ケース1と違って、この場合は債務者との契約違反にはなりません。ただし奥さんがその
まま連帯保証人になっていると、債権の責務から逃れられませんので対処すべきですね。

連帯保証から外れるには、ローンの借り換えや一括返済などの方法がありますが、奥さん
に経済的な余裕がないとできません。お勧めは、協議離婚ですから、連帯保証についても
しっかりと話し合って「公正証書」に次のような有利な条件を記しておくことです。

「離婚後、主たる債権者の元夫が住宅ローンを滞納したため、連帯保証人の元妻が支払い
を肩代わりした場合は、債務処理に費やした負担金全額を元夫に請求できるものとする」
という内容にしておけば、滞納した本人(元夫)に最終的な責任を負わせることができる
と思います。

 

(ケース3)住宅ローンの名義を妻に変え、夫は家を出て。妻と子供が住み続ける

このケースでは、奥さん一人の収入でローンの返済ができるかがポイントです。妻の返済
能力に問題なしと債権者が判断すると名義変更は可能でしょう。が、奥さんのように離婚
した妻の多くは支払能力を持っていないために名義変更が難しいのが実情です。債権者は
ローンが完済されるまでは名義変更には応じません。

 

 

そこで奥さんがどうしても名義変更を希望されるなら次の方法をお教えしましょう。

 

➀住宅ローンの完済を待つ

元夫のローン完済を待ち、完済後に名義変更の手続きをすれば債権者も了承します。た
だローンの完済には20年~30年はかかるでしょうから、完済後に元夫が名義変更に
応じてくれるか分かりません。この方法をとるなら、離婚の際に名義変更の取り決めを
離婚協議書などの法的効力のある公正証書に必ず記しておきましょう。

 

②住宅ローンを借り換える

奥さんが今残っている残額の借り換え審査を受け、あなたの収入や財産で返済が可能と
債権者が判断してくれれば、奥さん名義で借り換えることができます。ただアルバイト
やパートの収入だけですと、不安定と見られますのでご注意ください。

 

▲ それでは最後に、離婚後、住宅ローンが残っている家に住み続けるためには

後々のトラブルを考えると、ご主人がそのまま家に住み続け、奥さんとお子さんが出る
ことをお勧めします。

奥さんも連帯債務者や連帯保証人になっていますから、元夫がローンを滞納すると直に
あなたにも督促が行き火の粉が降りかかります。そのことを自覚して、債務者の元夫と
コンタクトを取り、ローンを滞納しないように監視する必要があります。

滞納が続くと最悪の場合、家を競売にかけるために強制立ち退きをさせられることになりかねません。

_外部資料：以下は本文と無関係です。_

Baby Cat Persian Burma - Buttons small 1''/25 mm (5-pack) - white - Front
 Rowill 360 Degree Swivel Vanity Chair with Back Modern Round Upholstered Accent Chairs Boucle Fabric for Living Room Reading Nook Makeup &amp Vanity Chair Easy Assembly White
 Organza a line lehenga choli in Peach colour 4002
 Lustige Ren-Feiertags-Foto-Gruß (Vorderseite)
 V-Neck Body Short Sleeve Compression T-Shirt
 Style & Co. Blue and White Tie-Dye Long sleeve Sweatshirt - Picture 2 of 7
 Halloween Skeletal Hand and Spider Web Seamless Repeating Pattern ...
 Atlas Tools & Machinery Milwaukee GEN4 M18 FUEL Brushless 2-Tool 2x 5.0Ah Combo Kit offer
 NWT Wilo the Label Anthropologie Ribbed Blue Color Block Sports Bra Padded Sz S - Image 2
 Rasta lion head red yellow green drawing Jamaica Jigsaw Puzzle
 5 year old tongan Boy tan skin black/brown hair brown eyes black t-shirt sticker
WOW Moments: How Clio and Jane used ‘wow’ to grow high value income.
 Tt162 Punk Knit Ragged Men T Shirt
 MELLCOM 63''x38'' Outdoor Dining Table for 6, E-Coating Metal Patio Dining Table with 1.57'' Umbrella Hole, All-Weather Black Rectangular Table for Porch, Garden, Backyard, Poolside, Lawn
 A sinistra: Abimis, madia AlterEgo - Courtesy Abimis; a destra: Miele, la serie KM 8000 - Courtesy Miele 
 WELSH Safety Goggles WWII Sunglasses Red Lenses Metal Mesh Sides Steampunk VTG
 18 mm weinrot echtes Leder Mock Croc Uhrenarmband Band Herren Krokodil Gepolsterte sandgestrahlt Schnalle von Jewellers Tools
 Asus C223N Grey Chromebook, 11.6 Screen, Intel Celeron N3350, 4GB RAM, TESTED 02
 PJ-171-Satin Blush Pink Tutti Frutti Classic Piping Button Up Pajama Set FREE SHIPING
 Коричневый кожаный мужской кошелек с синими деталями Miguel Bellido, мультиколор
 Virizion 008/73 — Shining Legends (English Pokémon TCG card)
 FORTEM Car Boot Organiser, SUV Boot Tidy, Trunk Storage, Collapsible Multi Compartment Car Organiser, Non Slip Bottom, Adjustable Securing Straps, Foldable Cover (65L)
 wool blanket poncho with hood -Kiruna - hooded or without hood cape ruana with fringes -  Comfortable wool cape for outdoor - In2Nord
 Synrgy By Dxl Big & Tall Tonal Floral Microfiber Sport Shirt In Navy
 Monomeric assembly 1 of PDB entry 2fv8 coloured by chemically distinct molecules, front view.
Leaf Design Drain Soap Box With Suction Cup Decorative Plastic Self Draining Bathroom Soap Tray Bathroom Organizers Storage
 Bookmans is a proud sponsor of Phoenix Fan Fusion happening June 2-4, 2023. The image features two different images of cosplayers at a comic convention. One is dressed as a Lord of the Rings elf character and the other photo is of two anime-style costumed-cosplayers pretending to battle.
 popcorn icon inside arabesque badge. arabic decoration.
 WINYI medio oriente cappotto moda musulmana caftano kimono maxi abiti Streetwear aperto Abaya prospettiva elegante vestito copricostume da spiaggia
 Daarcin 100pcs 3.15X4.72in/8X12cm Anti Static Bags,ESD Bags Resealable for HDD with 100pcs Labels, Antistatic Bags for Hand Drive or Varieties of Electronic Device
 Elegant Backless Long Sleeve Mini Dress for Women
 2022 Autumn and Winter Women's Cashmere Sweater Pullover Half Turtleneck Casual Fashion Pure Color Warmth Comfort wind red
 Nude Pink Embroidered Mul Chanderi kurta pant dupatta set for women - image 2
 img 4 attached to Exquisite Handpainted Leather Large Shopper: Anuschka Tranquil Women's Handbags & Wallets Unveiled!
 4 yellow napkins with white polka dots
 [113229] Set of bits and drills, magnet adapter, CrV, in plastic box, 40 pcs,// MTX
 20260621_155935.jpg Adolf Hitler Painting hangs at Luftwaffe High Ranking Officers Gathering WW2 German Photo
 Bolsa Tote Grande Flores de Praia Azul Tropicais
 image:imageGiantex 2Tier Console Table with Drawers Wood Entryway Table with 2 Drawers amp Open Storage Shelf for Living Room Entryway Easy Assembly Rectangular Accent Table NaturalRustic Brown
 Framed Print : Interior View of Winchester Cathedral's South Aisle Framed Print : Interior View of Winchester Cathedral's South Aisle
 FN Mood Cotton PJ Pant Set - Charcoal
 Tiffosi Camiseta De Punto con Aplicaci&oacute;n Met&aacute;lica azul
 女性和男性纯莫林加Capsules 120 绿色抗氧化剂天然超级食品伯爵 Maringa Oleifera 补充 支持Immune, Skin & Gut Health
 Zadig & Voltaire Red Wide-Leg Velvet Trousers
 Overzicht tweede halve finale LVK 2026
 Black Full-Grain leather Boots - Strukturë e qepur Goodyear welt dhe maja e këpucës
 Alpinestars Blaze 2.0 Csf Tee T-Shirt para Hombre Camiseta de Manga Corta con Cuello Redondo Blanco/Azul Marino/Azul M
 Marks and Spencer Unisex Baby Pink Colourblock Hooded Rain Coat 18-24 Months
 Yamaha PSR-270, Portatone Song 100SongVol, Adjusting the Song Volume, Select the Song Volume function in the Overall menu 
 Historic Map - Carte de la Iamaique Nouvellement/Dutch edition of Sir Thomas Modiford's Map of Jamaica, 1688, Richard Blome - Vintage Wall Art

この事態を避けるためには住宅ローンが残っている家でも売却できる“任意売却”という
方法も知っておくべきです。

 

 

【知っておきたい離婚時の住宅ローン❸】夫婦とも住まないので売却する方法は?

離婚後、夫婦とも今の家には住みたくないのが人情かも!そこで家を売却してその利益を住宅
ローンの支払いに充てる方法もあります。

売却益がローンの残額を上回った(アンダーローン)時はお互いで財産分与しても問題ありませんが、下回った(オーバーローン)場合は、借入金が残りますので返済を続けないといけません。

それでも家を売りたいという場合に、前述の“任意売却(リースバック)”という方法があるのです。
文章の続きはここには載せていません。